**Task to carry out:** When you reach the line in the listing below that contains "这样的黄花大闺女谁娶回家绝对是上辈子拯救了银河系。[赞]", begin returning lines exactly as written, and stop after the line that contains "2836 N Cedar Ave — Photo 9". Return no other lines.

**Given records:**
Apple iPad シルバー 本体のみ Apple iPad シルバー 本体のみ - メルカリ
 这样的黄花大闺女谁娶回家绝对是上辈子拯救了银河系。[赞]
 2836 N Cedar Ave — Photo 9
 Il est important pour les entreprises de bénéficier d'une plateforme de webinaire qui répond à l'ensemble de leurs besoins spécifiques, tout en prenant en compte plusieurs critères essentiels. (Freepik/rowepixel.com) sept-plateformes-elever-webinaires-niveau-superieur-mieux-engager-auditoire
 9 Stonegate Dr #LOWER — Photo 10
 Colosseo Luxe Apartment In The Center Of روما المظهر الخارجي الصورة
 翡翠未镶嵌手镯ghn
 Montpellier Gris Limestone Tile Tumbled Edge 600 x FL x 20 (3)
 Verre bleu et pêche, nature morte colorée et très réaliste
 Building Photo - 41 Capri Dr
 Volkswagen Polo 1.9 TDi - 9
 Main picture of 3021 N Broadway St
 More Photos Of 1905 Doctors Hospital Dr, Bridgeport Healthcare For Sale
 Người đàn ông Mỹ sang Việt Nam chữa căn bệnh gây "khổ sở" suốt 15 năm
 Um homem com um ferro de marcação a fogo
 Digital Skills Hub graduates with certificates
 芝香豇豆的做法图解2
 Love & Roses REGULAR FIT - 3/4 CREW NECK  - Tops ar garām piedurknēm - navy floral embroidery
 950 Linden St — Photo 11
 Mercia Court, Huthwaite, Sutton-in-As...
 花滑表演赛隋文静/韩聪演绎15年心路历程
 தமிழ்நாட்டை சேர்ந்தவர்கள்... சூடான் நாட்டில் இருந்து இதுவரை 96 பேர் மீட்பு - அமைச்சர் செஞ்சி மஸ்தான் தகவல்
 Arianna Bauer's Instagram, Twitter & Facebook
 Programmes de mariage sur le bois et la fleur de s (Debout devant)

**Output for this task:**
 这样的黄花大闺女谁娶回家绝对是上辈子拯救了银河系。[赞]
 2836 N Cedar Ave — Photo 9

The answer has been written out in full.